- WHAT THE TASK ASKS
Once you reach the line with "بازدید رهبر معظم", transcribe it and every line after it to the end of the records, exactly, but not the pictures.
——
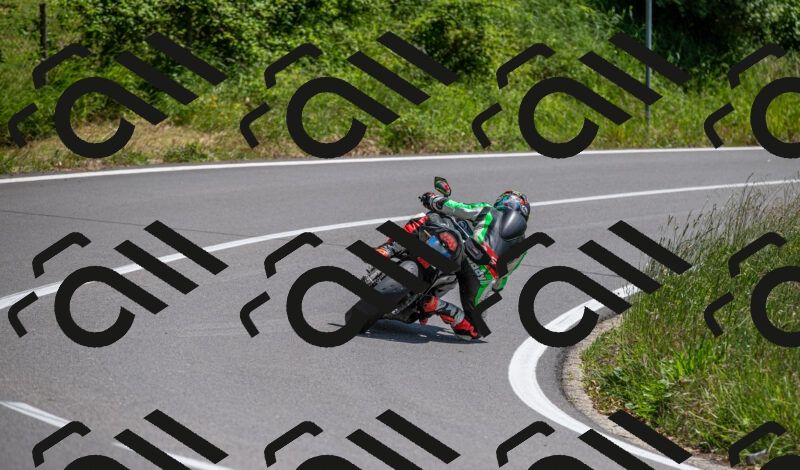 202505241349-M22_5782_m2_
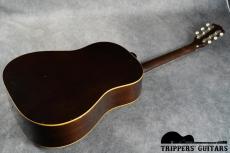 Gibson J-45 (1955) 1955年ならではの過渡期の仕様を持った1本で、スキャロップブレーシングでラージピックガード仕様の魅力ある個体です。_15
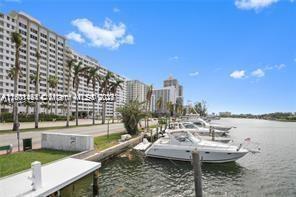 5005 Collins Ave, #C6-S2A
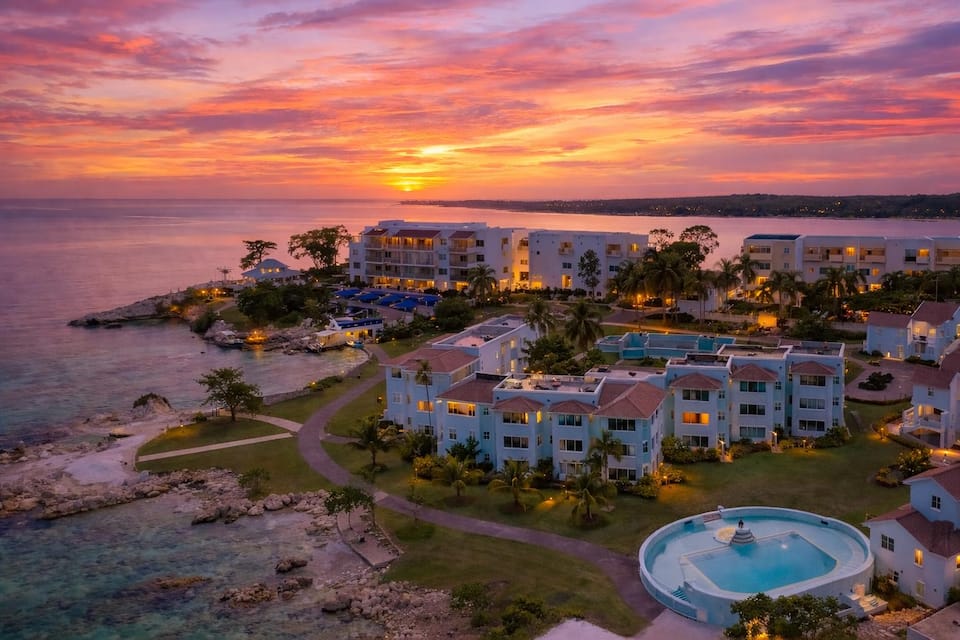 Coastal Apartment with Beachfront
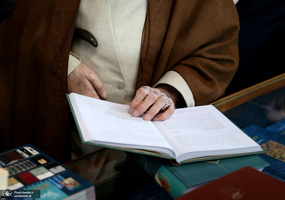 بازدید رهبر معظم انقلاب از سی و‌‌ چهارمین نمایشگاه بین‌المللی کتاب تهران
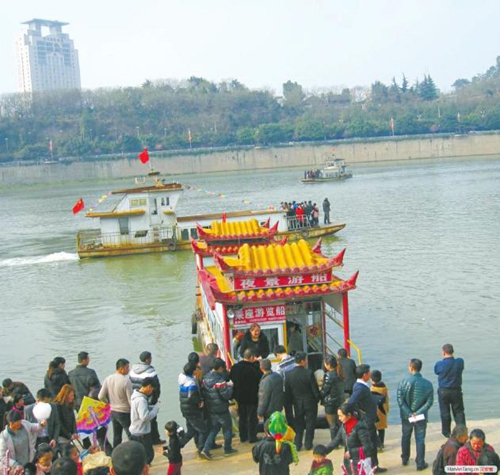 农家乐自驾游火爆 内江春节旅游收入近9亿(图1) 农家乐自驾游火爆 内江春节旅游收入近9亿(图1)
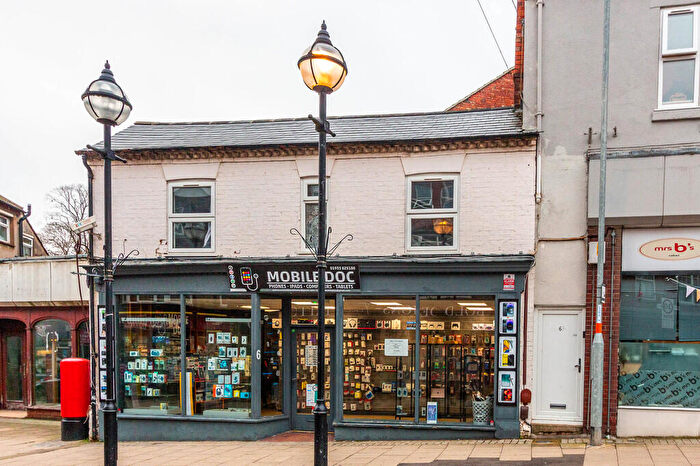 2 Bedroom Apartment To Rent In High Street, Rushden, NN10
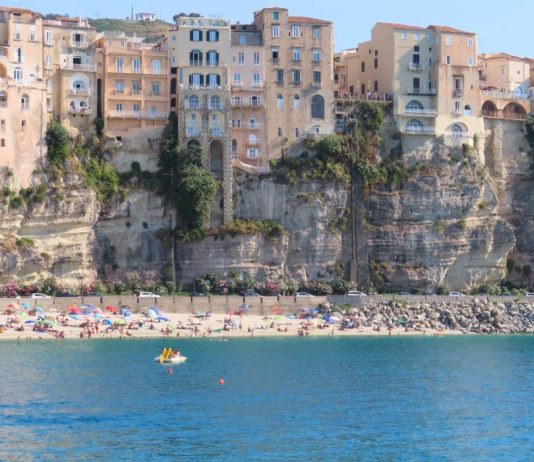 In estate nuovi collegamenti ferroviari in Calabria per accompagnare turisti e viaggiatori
——
- REPLY
 بازدید رهبر معظم انقلاب از سی و‌‌ چهارمین نمایشگاه بین‌المللی کتاب تهران
 农家乐自驾游火爆 内江春节旅游收入近9亿(图1) 农家乐自驾游火爆 内江春节旅游收入近9亿(图1)
 2 Bedroom Apartment To Rent In High Street, Rushden, NN10
 In estate nuovi collegamenti ferroviari in Calabria per accompagnare turisti e viaggiatori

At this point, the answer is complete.